Hey! Yea, I think I would say 2 things have been impacting me the most - my friends at my church are not too posh to show me my blind spots, if necessary, in a healthy way (and I’m smart enough to listen to them). And also hundreds of hours of Dan Mohler sermons…
Hey! I would say, by far the most important thing I could think of is that all of my actions are a direct result of my faith and it’s my responsibility to maintain and build it (2Tim 4:7). Whatever is in my belief system will manifest in my behavior - and I can directly manipulate my faith just like I would tend to a garden. I found a strategy that worked for me, I explained it in a couple posts in the past
Hi all I’m very tired and fittingly, my review for today is fairly short. **External Triggers** - Another day at work with very little probability to encounter external triggers - that’s good. **Protective Habits** - I didn’t get the best sleep at night so I was a little scattered this morning and totally forgot to do my daily declaration! This is only the second time this ever happened, so, statistically, I’m still doing well… **Urge Coping** - As far as I can remember, I didn’t encounter any urges today - very good. Many blessings, value
Hi all, Happy Friday! Here is the review I did for today. **External Triggers** - I spent my whole day at work, no triggers encountered! **Protective Habits** - Again, I wasn’t able to do all of my morning routine as I’m still a little bit between things; but I got most of it done, I’ll take it. **Urge Coping** - As far as I can think back, I didn’t experience any urges today - very good! Many blessings, value
Hi all! Here is the review I did for today. **External Triggers** - I went out for a cup of coffee with a friend today and I noticed how my mind & eyes wanted to habitually slip into old behavior of staring, etc. Once I became consciously aware, I took responsibility for my behavior and the old habit stopped trying. **Protective Habits** - I did all of my protective habits today - on Sunday, they’re much less than on workdays. **Urge Coping** - I remember having 1-2 times where I felt urges coming up - it’s been some time since I’ve been in a situation like this so I’m not sure yet what to do with it. Many blessings, value
Hi all! Here is the review I did for today. **External Triggers** - Today was a full day at work again, I didn’t encounter any triggers - very good. **Protective Habits** - I was only able to do a fairly small amount of my daily morning routine since I’m still a little dislodged in my living situation but I finally found an place to get more settled at the beginning of next year - finally! **Urge Coping** - I didn’t encounter any urges today - great! Many blessings, value
Hi all! Our small group meeting took longer tonight, so I’ll just be checking in. Many blessings, value
Hi all! Again a very long workday - Only checking in again! I’m invited for dinner tomorrow, so I’ll be only doing a check in tomorrow as well! Many blessings, value
Hi all! I'm going to put my daily reviews on pause until the new year - I've still been considering restructuring and moving my daily check-ins to more personal venues - but that's something that needs to be worked out. Merry Christmas!

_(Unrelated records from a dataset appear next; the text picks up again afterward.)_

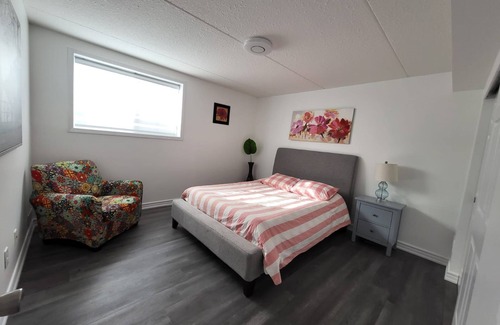 Rosemount Apartment | Conveniently location - Stanley Park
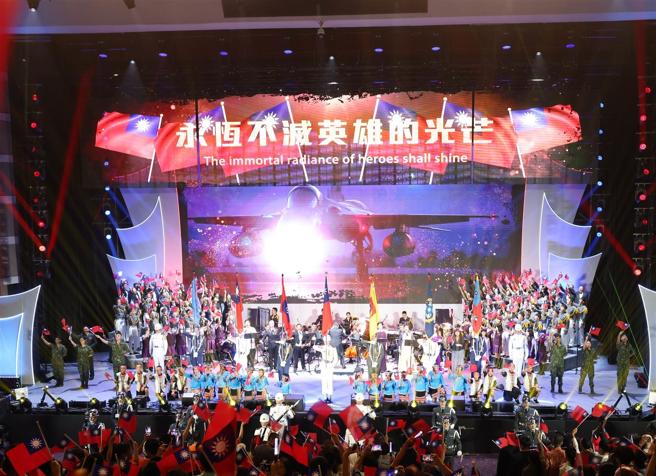 「慶祝九三軍人節暨八二三戰役勝利」音樂會昨日於臺北國際會議中心盛大登場，透過音符與影像，讓觀眾在樂曲中回顧黃埔百年的光輝歷史。同時，在音樂會尾聲全體人員齊唱《英勇勳章》，全場旗海飄揚，展現軍民同心、支持國防的愛國情懷。（記者袁銘駿攝）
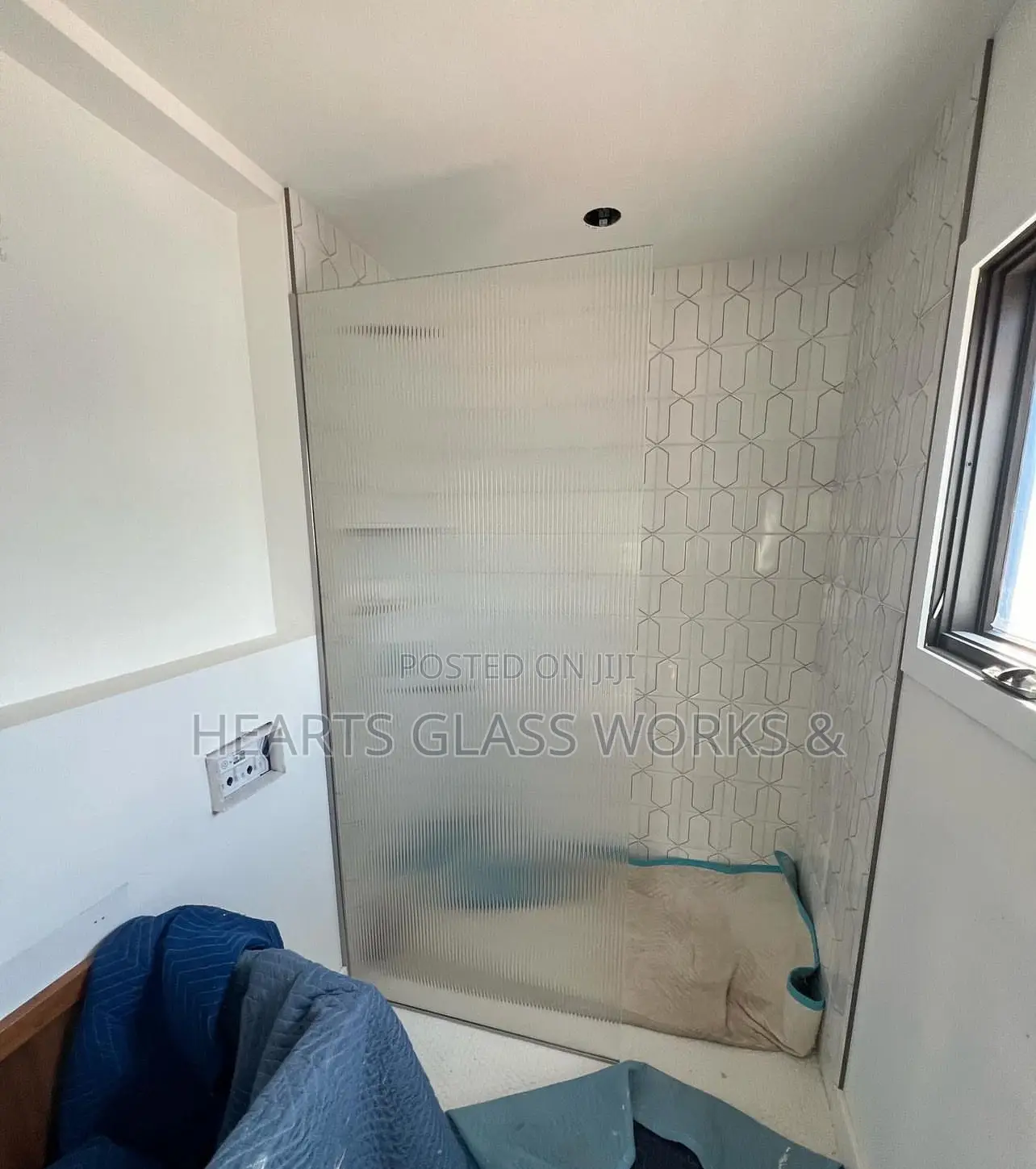 Fluted Low Iron Glass For Shower Door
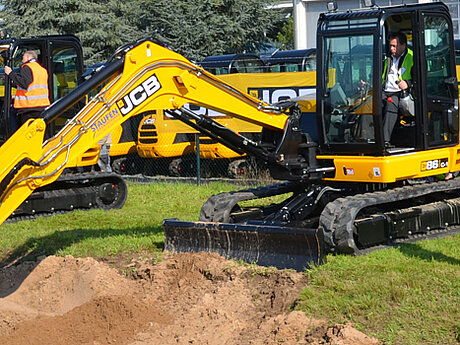 JCB gl&auml;nzt mit Neuheiten - Fit f&uuml;r die GaLaBau 2014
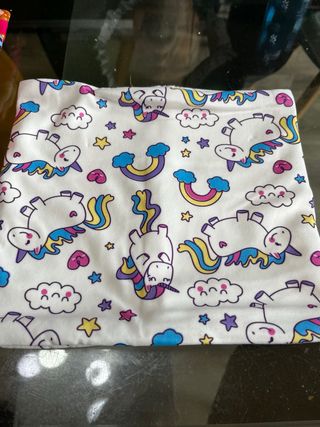 Scalda collo bianco con unicorni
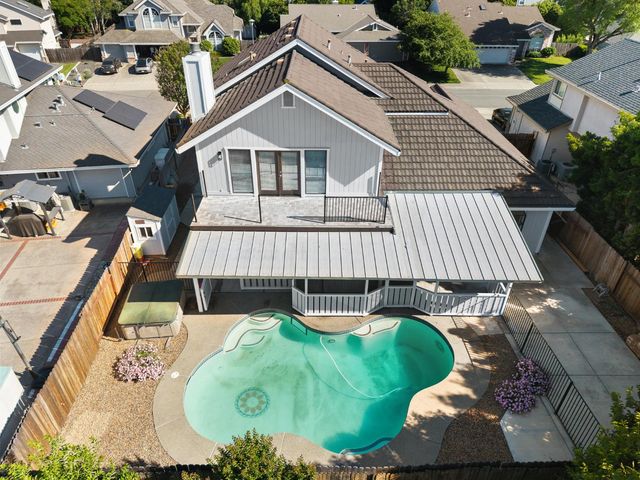 1331 Manzano Way, Sacramento, CA 95831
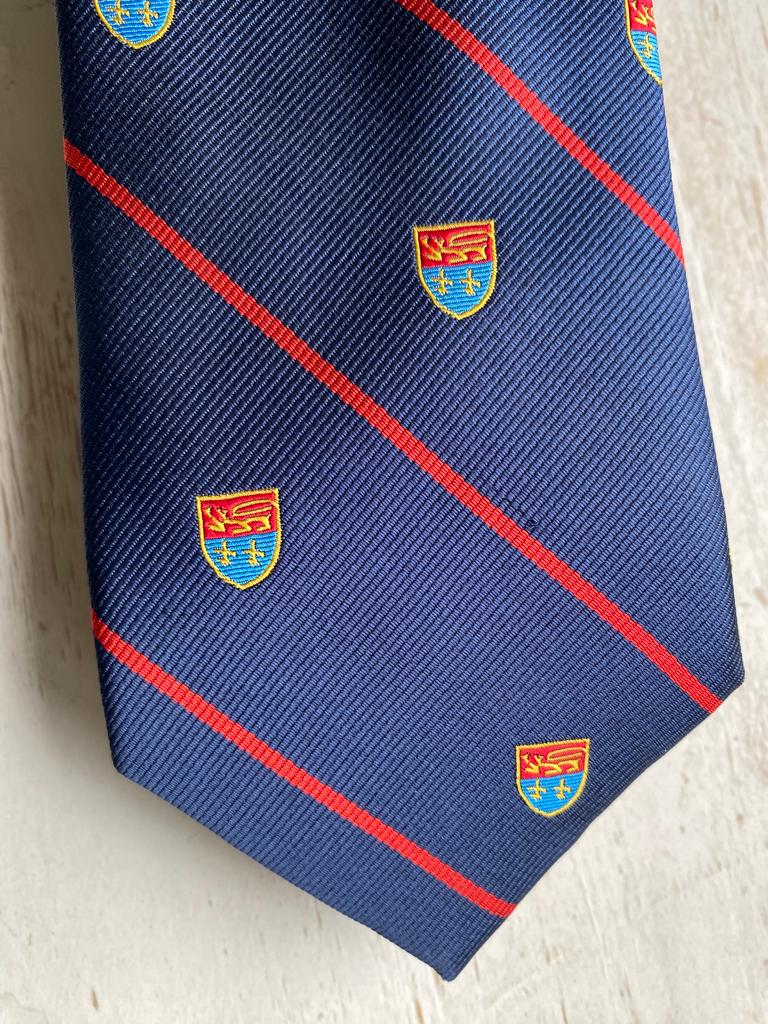 Corbata Escudo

Hi All! Happy New Year, everyone! Alright, I took myself some time to think and plan on how to reorganize my daily check-in/reflection routine and I decided to stop the daily reviews in this thread and move it to 1-1s, as they were getting somewhat repetitive. I also want to move my accountability to a more personal level, As @Tao Jones always says, if you’re accountable to a whole group, in the end, you’re accountable to noone. Many blessings, value
Hi all! Hope your 2023 has been starting off well! I’m joining a discipleship-program at my church and won’t have as much time to be as active here anymore. Many blessings!